(Recorded data Opens)

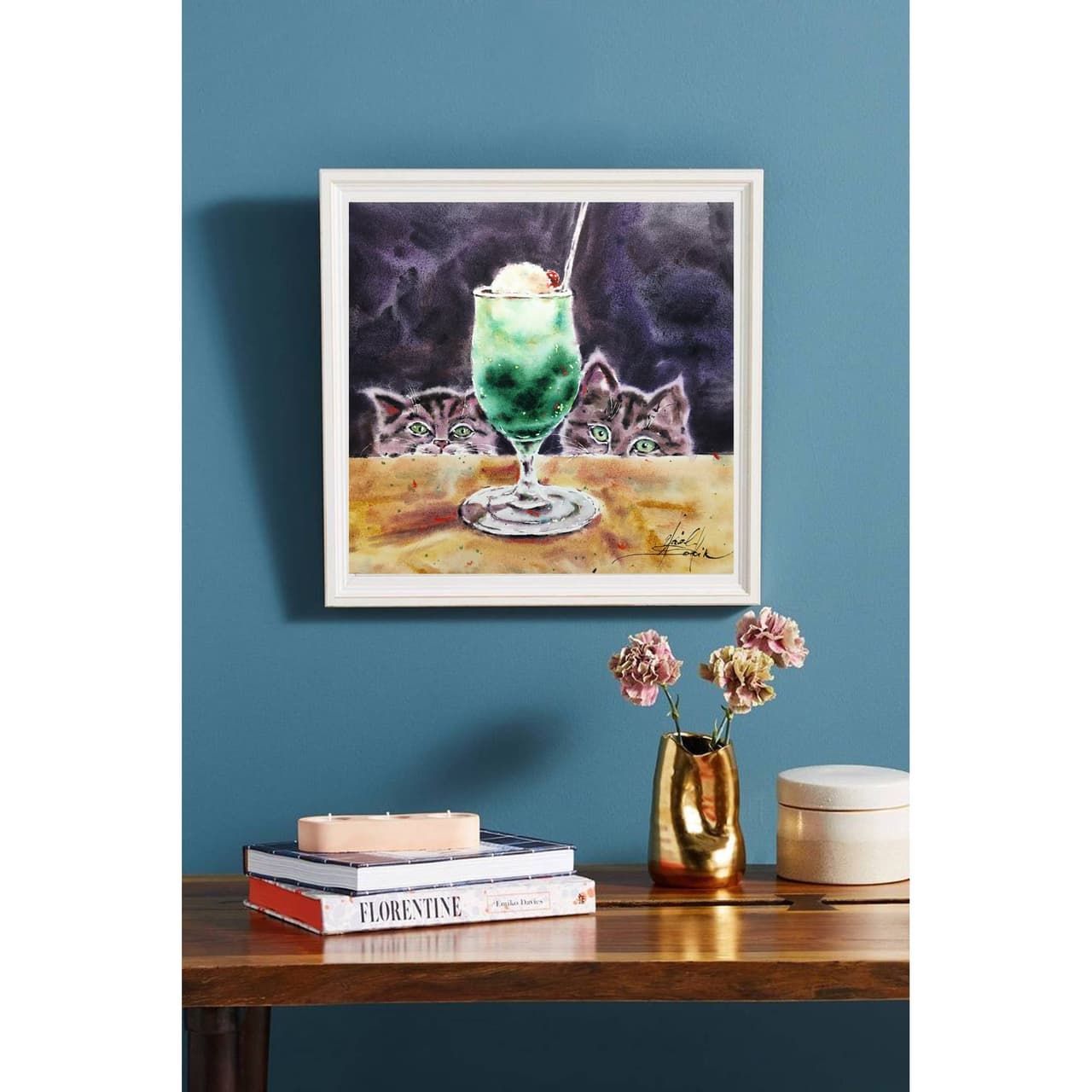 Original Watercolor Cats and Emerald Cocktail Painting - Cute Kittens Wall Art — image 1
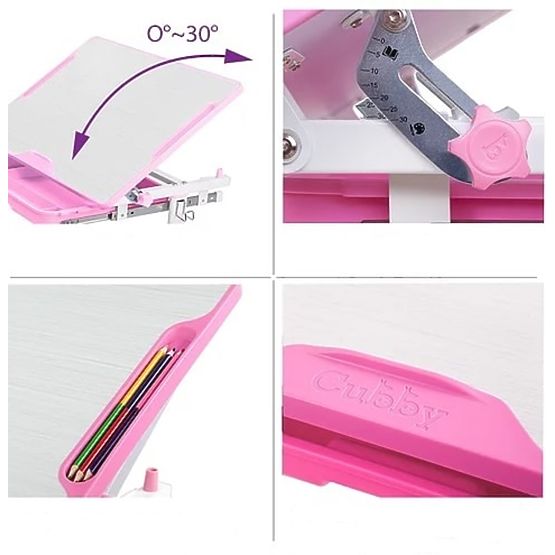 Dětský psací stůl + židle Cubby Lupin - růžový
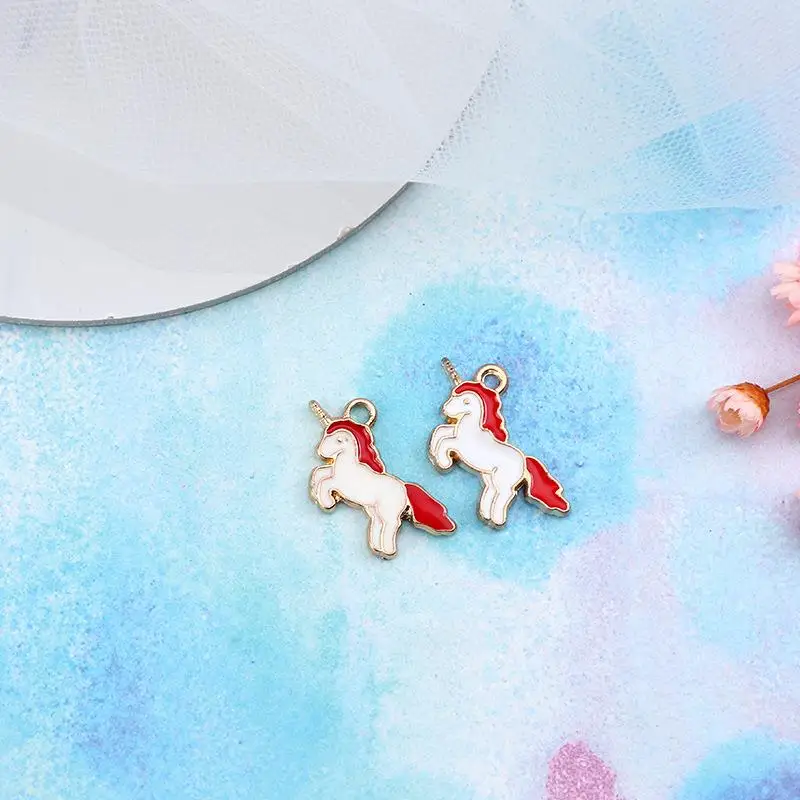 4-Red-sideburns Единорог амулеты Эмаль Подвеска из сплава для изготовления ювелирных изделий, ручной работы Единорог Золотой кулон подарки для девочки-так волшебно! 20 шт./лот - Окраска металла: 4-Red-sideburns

(Recorded data Closes)

Your task is to reproduce exactly the lines from the one that holds "Dětský psací stůl" to the last line of the listing, and only those, omitting the pictures.

 Dětský psací stůl + židle Cubby Lupin - růžový
 4-Red-sideburns Единорог амулеты Эмаль Подвеска из сплава для изготовления ювелирных изделий, ручной работы Единорог Золотой кулон подарки для девочки-так волшебно! 20 шт./лот - Окраска металла: 4-Red-sideburns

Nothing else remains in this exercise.